Cox also loosened rules for buying stocks on competing exchanges, allowing fast-computer trades to seek out the best available price, a change that some critics warned would eliminate the safeguard of human specialists who had traditionally matched buyers and sellers.
While there were efficiencies in the new approach, there also was a lack of regulatory conformity to the system, opening the possibility that a rapid decline in a stock could cascade out of control with computerized "stop-loss orders" chasing "the best-available price" to the bottom. That could end up costing investors millions of dollars.
But there was such trust in the "magic of the market" and in "self-regulation" that many of the hazards accumulating on Wall Street weren't noticed. Indeed, many experts up to the level of Fed Chairman Alan Greenspan seemed to be wearing ideological blinders, while others simply didn't want some grumpy government regulators spoiling the fun.
The music finally stopped in mid-2008, confronting the Bush administration with the choice of either accepting a devastating collapse of the stock market or rushing in with a multi-trillion-dollar bail-out package. Bush opted for the bail-out, a position ultimately supported by the two major party presidential candidates Barack Obama and John McCain.
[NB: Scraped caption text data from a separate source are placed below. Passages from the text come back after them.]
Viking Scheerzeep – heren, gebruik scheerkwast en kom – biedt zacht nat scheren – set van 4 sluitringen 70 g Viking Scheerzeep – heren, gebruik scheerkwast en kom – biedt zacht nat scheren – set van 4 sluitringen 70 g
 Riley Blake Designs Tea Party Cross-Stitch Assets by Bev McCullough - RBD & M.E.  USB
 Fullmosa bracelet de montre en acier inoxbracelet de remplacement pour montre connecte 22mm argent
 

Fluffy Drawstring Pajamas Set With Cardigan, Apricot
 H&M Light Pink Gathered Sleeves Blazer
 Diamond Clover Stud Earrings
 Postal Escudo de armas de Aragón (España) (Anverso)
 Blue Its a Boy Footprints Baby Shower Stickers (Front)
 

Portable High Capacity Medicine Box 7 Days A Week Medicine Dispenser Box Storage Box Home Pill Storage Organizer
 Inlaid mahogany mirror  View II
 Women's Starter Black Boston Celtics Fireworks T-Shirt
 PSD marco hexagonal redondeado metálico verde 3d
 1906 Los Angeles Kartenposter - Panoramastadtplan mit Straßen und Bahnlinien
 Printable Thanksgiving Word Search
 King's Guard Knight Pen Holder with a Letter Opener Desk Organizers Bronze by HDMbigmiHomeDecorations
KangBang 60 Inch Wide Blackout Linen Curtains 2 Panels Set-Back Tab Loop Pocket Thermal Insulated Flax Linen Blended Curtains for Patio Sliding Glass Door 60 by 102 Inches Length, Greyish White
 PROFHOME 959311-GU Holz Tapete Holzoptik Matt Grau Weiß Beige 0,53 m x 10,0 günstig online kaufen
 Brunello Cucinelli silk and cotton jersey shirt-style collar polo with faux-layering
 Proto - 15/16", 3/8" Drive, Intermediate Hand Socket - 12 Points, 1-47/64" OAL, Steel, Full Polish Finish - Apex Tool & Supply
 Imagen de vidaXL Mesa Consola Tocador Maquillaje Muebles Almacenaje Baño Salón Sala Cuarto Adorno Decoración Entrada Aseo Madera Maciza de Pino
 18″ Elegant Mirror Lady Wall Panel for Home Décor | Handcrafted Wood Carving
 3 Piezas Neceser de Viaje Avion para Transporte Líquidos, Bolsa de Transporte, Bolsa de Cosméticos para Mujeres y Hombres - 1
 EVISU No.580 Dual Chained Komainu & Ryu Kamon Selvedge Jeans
The financial crisis and McCain's apparent cluelessness about what to do contributed to Obama's solid victory in November. But the cost of the financial meltdown went beyond the pricy bailout. Millions of average citizens lost their jobs, their homes and their savings.
Turning on Obama
However, unlike Franklin Roosevelt who benefited from sustained public support to take on Wall Street and fight to get Americans back to work, Obama soon faced a revived right-wing movement determined to block government efforts that might alleviate the meltdown's worst consequences.
Obama managed to pass a $787 billion stimulus bill and extended emergency loans to save the U.S. auto industry, but the Right used its media power to rally more and more Americans against him and his supposedly "wasteful government spending."
When Obama turned his attention to the most severe long-term budget challenge the soaring cost of health care congressional Republicans lined up unanimously against what they decried as "Obama-care." Democrats were forced to defeat a bitter filibuster in the Senate and pass the final legislation amid a near riot by Tea Partiers surrounding the Capitol.
Meanwhile, other long-term consequences of the Reagan-inspired deregulation continued to play out. In April 2010, an explosion in West Virginia killed 29 miners in a mine that had been repeatedly cited for safety violations but was allowed to continue in operation.